June 2021 – Sep 2021

WM Service Excellence (SE) Design System

Building a design system that not only accounts for, but revolves around accessibility

 

Deliverables

Flexible library files, system documentation

 

What is the SE Design System?

At WM, I was one of the co-designers on a workstream called Service Excellence (SE). You can read about one of my SE projects here.

The SE Design System is a subsystem of our global design system. It was created specifically for this workstream to maintain consistency across our internal platforms.

This design system was created by me and one other designer. While I also worked on building out the global design system at WM, I was the main contributor to the SE subsystem.

 

Why We Needed a Subsystem

Because a lot of our field operators worked in the middle of the night, or on huge monitors, or were colorblind, accessibility needed to be at the forefront of our visual design principles.

So while it shares some of the same components and layer styles of our global system, its most notable differences are in its iconography and text styles which are much larger than what you’d normally see.

Our Approach

Structure

We built our design system through Invision’s new DSM. On a high level, we’ve used a system of systems structure, where there is one global DS and then a bunch of subsystems that are used for different purposes such as email, mobile app, and Service Excellence. Within each system, we have foundations, atoms, icons, and components.

Design System Architecture graphic created by InVision Learn

 

Naming Conventions

When coming up with a naming convention for our global system, our primary goals were:

  1. Make it easy for us to find what we need when we’re designing

  2. Use a language that bridged the gap between designers and developers

For the most part, we agreed on a general convention:

file name (if applicable) / type or use / category or family / variants
e.g. atoms / input / default / auto / standard


The more difficult part to agree on was the order of the variants. When we’re swapping out one text style for another, for example, do we want to sort by the color or the weight first?

This was something that varied by both designer and workstream. For SE, we decided on:

size / alignment or state / weight / color
e.g. h1 / left / bold / black

The Design System

Color Styles

SE has a lot of color styles that do not align with WM’s normal branding. Most of these colors are used to represent different states and indicators. For example, we use colors to quickly identify different ticket types (i.e. what type of service we’re providing to the customer and what type/size container they’ve ordered). We’ve tested all of these colors against each other to ensure usability for different types of color blindness.

 

Layer Styles

Our layer styles included borders that would ultimately represent different states when applied to the different products within SE. These were also tested for accessibility.

Text Styles

The font we used for SE was Inter. It’s worth calling out that the kerning for our different text styles is abnormally large to make text more readable on large monitors.

Atoms

Our atoms consist of input fields, buttons, dropdowns, list items, checkboxes and radios, basic modal templates, and tooltips.

Iconography

We use icons a lot in SE because we try to avoid using color only as an indicator. Our icons are bigger, thicker, and bolder than usual — again, to account for accessibility.

Components

Components that we built are not often used across every single product we have in SE, since they can have different use cases and users. However, most of the components we’ve built will be used across a number of products that serve a similar audience or purpose — for example, navigation.
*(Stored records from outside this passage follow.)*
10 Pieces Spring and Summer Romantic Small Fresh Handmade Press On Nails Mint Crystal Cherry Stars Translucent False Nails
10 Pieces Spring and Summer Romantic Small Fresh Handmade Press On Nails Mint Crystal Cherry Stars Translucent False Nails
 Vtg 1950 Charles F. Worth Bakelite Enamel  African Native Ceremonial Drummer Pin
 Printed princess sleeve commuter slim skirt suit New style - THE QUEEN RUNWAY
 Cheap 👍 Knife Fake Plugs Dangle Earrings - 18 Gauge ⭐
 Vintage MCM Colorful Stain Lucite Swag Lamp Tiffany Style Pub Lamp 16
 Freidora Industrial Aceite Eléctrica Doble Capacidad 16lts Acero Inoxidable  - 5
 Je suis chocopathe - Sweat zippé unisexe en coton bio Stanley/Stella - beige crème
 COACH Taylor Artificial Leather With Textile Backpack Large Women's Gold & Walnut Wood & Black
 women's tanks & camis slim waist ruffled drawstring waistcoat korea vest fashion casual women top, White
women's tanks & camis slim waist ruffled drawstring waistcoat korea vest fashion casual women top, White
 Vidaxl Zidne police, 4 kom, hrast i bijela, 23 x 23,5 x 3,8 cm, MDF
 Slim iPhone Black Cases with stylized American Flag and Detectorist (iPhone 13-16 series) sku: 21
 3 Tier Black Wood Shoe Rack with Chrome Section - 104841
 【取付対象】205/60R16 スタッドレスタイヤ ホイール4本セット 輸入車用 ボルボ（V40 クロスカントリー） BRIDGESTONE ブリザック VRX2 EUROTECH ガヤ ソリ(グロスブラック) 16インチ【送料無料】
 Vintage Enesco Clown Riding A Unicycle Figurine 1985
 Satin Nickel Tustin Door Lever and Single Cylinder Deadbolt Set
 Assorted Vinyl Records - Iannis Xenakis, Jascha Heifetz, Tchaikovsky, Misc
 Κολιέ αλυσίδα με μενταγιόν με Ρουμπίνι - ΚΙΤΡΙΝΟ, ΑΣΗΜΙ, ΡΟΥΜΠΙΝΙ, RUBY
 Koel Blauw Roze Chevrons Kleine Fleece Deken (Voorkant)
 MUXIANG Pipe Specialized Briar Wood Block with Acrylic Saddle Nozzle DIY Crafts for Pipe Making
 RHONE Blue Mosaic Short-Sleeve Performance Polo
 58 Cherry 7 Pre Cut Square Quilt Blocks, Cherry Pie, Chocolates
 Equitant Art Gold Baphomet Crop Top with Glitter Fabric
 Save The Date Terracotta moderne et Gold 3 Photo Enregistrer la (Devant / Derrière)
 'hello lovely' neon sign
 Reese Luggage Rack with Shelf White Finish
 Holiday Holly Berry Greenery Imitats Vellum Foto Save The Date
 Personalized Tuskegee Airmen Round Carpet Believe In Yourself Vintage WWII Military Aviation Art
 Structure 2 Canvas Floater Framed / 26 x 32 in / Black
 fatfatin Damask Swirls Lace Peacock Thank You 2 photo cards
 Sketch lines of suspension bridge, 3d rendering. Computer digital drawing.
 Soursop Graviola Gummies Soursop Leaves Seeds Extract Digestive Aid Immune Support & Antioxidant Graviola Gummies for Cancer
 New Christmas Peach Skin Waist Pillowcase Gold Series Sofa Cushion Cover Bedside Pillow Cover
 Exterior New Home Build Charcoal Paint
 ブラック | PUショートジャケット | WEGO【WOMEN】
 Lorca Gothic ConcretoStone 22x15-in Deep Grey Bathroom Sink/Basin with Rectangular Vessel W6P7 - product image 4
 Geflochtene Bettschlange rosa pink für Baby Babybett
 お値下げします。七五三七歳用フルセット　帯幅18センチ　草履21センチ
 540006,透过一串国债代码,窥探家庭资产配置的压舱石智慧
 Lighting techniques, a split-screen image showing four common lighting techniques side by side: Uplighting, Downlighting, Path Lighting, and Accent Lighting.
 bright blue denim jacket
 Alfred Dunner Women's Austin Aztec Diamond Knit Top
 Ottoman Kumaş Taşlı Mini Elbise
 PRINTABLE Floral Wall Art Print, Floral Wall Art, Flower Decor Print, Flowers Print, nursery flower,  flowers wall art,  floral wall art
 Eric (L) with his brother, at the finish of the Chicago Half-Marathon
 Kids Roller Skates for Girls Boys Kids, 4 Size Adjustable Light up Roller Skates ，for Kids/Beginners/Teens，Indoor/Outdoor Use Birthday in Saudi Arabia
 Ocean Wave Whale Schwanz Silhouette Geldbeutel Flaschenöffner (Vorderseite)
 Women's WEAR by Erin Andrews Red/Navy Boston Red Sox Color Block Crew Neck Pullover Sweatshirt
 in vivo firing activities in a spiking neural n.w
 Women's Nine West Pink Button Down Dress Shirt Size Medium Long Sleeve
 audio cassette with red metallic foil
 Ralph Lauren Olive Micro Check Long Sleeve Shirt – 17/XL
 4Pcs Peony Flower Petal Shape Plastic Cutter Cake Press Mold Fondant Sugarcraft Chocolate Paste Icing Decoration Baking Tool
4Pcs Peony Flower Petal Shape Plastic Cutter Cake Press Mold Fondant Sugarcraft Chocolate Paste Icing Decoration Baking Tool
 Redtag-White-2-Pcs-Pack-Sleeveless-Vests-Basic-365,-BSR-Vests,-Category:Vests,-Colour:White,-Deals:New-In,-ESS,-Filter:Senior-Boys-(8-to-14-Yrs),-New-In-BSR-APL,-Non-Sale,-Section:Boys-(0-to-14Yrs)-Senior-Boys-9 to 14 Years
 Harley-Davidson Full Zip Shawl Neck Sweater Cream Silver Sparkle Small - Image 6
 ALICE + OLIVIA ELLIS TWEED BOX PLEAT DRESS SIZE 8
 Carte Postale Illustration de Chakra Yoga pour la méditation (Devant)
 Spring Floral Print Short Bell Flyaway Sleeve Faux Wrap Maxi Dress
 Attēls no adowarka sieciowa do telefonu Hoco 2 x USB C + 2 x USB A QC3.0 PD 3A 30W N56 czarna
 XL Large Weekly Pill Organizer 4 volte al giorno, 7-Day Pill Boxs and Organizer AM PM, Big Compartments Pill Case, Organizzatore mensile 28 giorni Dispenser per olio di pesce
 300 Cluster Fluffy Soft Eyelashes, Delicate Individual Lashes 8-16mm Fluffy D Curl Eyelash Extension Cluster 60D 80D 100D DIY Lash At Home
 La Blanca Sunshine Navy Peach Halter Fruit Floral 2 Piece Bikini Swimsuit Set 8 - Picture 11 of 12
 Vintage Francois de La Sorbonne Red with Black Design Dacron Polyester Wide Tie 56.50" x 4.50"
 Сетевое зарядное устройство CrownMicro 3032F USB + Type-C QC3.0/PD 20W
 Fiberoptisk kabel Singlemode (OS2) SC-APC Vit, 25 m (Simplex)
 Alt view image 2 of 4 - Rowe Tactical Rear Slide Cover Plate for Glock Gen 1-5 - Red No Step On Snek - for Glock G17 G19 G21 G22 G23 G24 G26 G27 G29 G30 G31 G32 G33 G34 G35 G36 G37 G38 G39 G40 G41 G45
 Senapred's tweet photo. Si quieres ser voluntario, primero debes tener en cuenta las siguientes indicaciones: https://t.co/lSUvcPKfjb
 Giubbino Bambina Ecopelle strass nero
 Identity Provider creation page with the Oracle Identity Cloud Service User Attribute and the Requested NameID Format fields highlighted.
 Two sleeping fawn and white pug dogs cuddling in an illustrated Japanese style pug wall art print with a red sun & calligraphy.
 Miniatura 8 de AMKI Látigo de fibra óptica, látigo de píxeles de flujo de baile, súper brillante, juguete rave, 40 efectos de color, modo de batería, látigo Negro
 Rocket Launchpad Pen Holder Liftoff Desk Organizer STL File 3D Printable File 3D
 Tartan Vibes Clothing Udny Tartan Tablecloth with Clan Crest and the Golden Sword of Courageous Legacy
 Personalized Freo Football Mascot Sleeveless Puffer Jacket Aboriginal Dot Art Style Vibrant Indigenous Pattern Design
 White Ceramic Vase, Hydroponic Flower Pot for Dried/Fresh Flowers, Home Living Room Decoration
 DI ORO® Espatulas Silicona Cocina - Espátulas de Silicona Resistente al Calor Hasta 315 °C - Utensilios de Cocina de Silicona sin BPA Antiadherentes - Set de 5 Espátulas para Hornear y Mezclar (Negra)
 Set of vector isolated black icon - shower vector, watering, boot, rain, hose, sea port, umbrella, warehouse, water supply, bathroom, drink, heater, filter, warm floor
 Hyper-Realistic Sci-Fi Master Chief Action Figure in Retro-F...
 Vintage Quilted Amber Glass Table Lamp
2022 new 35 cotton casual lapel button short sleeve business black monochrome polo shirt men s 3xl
This is an example of one of our component pages for navigation.

Documentation

We keep our documentation in WM’s Confluence site to make it accessible to designers, developers, and stakeholders alike.

On one end, we keep documentation surrounding high level design system structure i.e. what our system of systems looks like and how to use the naming conventions.

We also have documentation surrounding atoms and components — where to find them, how to use them, what the different states are, spacing guidelines, and developer information.

This is an example of one of the documentation pages we created for SE iconography.

 

Next Steps

Design systems are always evolving, and the SE subsystem is no exception. We continue to create new elements and adapt existing ones to match our needs as we work on updating and building new products. Along the way, we also upkeep documentation to ensure longevity and ease of transfer (if any other designers or developers needed to hop on).